A EAF é a responsável pela execução do projeto, que é uma das obrigações das operadoras vencedoras do leilão do 5G. A primeira fase já foi concluída e consistiu na integração das redes legadas de comunicação por rádio push to talk das forças de segurança do Distrito Federal.
A próxima fase consistirá na adoção de uma operadora móvel virtual segura (SMVNO) também no Distrito Federal, para atender às forças de segurança da capital brasileira com aplicações que requerem transmissão de dados. Um plano de negócios para sustentar a manutenção futura dessa nova rede está pronto, mas faltam definições sobre a sua governança, o que está sendo discutido entre o Ministério da Justiça e Segurança Pública (MJSP) e o Ministério das Comunicações (MCom).

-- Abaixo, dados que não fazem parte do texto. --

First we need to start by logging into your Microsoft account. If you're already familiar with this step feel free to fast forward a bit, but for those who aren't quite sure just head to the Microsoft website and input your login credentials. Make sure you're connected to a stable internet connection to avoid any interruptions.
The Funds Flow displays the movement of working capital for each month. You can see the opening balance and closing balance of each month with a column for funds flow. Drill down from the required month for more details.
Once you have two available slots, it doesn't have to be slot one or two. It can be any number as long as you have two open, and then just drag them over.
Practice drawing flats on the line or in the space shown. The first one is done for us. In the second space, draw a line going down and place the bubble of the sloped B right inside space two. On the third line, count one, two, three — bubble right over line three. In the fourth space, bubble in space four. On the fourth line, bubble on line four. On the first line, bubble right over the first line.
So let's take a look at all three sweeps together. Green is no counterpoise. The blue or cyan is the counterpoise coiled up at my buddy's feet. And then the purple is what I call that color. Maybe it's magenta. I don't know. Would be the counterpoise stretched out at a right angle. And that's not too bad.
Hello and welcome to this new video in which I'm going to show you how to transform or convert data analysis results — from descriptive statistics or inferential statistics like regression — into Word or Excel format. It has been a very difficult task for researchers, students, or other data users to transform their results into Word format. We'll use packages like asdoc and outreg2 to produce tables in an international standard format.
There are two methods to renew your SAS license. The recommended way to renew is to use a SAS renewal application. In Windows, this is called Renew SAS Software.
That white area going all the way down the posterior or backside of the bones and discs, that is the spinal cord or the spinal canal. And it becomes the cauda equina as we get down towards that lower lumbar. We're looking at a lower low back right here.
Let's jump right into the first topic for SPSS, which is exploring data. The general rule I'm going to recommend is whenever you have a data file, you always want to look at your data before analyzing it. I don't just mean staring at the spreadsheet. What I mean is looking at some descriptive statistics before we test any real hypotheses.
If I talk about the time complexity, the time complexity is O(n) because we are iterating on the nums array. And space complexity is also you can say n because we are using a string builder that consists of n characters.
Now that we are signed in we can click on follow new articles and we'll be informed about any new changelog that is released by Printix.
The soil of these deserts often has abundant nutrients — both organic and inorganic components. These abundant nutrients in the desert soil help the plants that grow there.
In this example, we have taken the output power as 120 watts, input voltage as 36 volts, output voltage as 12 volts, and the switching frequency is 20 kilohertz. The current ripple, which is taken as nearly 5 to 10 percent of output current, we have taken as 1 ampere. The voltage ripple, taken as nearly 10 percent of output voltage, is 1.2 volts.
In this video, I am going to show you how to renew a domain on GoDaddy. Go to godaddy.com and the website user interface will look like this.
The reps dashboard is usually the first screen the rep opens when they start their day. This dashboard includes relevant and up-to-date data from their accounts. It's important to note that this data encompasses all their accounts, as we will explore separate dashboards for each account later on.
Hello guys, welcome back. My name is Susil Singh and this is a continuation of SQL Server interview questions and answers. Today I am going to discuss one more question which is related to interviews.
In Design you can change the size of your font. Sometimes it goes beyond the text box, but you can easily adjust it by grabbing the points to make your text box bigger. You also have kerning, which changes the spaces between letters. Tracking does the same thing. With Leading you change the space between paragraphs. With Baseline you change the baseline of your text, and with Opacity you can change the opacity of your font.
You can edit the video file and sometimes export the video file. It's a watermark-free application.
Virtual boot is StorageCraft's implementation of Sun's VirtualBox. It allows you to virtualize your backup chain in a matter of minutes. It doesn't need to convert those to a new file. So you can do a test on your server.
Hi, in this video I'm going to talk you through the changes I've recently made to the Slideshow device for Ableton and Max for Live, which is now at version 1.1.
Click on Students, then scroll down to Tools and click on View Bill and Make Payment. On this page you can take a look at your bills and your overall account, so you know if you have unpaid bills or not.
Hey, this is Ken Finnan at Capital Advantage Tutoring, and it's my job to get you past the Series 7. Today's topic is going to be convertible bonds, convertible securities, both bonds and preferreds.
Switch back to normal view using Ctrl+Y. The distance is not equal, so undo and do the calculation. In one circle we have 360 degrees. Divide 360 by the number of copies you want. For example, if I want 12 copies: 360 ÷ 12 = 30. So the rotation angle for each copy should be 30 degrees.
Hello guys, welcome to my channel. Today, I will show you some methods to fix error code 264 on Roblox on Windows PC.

“As RFPs estão prontas. Apenas aguardamos o sinal verde para lançá-las”, disse Segatto, referindo-se às RFPs para contratação de um core e do modelo de MVNO a ser adotado.
No Distrito Federal, a expectativa é de que até 30 mil integrantes das forças de segurança e de emergência usem a rede privativa do governo federal.
Depois de concluída a segunda fase, a intenção do MJSP é levar o projeto para o restante do país, integrando a comunicação das forças de segurança do Brasil inteiro.